Hollywood’un Psikiyatristi Stutz ile Oyuncu Jonah Hill’in Söyleşi Havasındaki “Stutz” Belgeselini İnceliyoruz
Merhabalar. Psikoloji temalı imaller ilginizi çekiyor mu? Şayet çekiyorsa ‘Stutz’ belgeselini izlemenizi öneririm. Bu belgeselde 40 yılı aşkın müddettir ABD’de psikiyatrist doktor olan ve koçluk yapan Phil Stutz ile onun hastası olan yönetmen Jonah Hill ile samimi söyleşiye tanık olabilirsiniz. Belgeselde doktorun hastalarını iyileştirmek için icat ettiği gereçleri takip edebilir ve hatta hayatınızda uygulayabilirsiniz.
Keyifli seyirler dilerim.
Stutz, Jonah Hill tarafından yönetilen bir 2022 yılı yapımı belgesel filmidir. Film, Hill’in terapisti Dr. Phil Stutz’un hayatını ve kariyerini anlatıyor. Belgesel 14 Kasım’da Netflix’te izleyicilerle buluştu.
Belgesel, bir dizi sohbet boyunca, ünlü psikiyatrist Phil Stutz ve Jonah Hill, karşılıklı olarak hayat hikayelerini, ruh sağlıklarını, terapi yaklaşımlarını ve Stutz’un doktor-hasta alakalarını bahis alıyor.
Phil Stutz, dünyanın önde gelen psikiyatristlerinden ve koçlarından biridir. 74 yaşındaki psikiyatrist, 40 yılı aşkın mesleği boyunca Hollywood’un en seçkin aktörleri ve yöneticileriyle birlikte çalışıyor.
Phil’in psikiyatri çalışmaları, terapiye başvuranların bütün potansiyelini ortaya çıkarmayı amaçlayan dinamik ve sonuç odaklı uygulamalara odaklanır. Belgeselde de hastası Jonah ile birlikte “Tools” yani kendini gerçekleştirme yolunda insanın gereksinimi olan gereçlerden bahsedilir.

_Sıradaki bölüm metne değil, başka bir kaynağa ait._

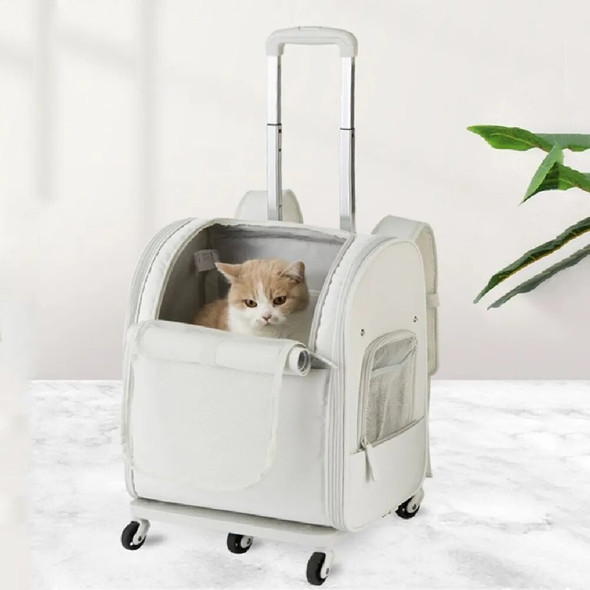 Pet Backpack Travel Case Wheels Carrier Pet Bag Portable Dog Trolley Outdoor Travel Cat Bag Transport For Cat Dogs Supplies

Phil Stutz genç yaşlarını, tıbbi psikoterapi ve koçluk alanlarına odaklanarak geçirdi. Psikiyatri eğitimi aldıktan sonra ünlü Rikers Adası’nda hapishane terapisti olarak görev yaptı ve burada diğer bireylerin potansiyellerini ortaya çıkarmalarına yardımcı olmak için “gereçler” dediği şeyleri ilk kez burada buldu.
Phil, bu gereçleri özel muayenehanesinde uyguladı. Kendisi bu yöntemler sayesinde 1980’lerden beri Los Angeles’ta dünya çapında önde gelen bir psikiyatrist oldu.
1 saat 36 dakika süren belgesel boyunca hem hastası hem de bu belgeselin direktörü Jonah Hill ile samimi bir sohbet gerçekleştiriyor ve gençlik yıllarındaki tecrübelerini kendi yarattığı “görsel terapi modelini” kullanarak anlatıyor.
Hill, hem bugüne kadar birçok hastayı tedavi eden tabibin hayatını keşfederken Stutz da izleyiciyi “The Tools” kitabındaki görselleştirme idmanlarıyla bir terapi sistemi sunuyor.
Belgesel, hem Stutz’un hem de Hill’in akıl sıhhati seyahatini samimi bir formda izletiyor bize. Farklı nesillerden iki arkadaşın yer yer esprili ve eğlenceli tartışmasını izliyoruz. Stutz, Hill ile söyleşisinde insanın akıl sıhhatini müdafaa seyahatinin ve hayattaki arayışlarını çok hoş bir halde çerçeveliyor.
Belgesel, Parkinson hastalığından muzdarip olan Stutz’un hastaları için not kartlarına çizdiği titrek imajları yine oluşturuyor izleyiciyle. Hekimden “Gölge”, “Yaşam Gücü”, “Anlık Görüntü”, “Minnettar Akış” ve daha fazla gereci öğreniyoruz.
Belgeseli izledikten sonra psikiyatristin “The Tools” kitabı da merak uyandırdı bende. Psikiyatri hususlarına merakı olanlar, depresyonda olduğunu düşünenler ya da hayat gücünü nereye akıtacağını bilemeyenler için ben bu belgeseli izlemelerini öneriyorum. Belgeseli izleyenlerden de yorumlarını bekliyorum.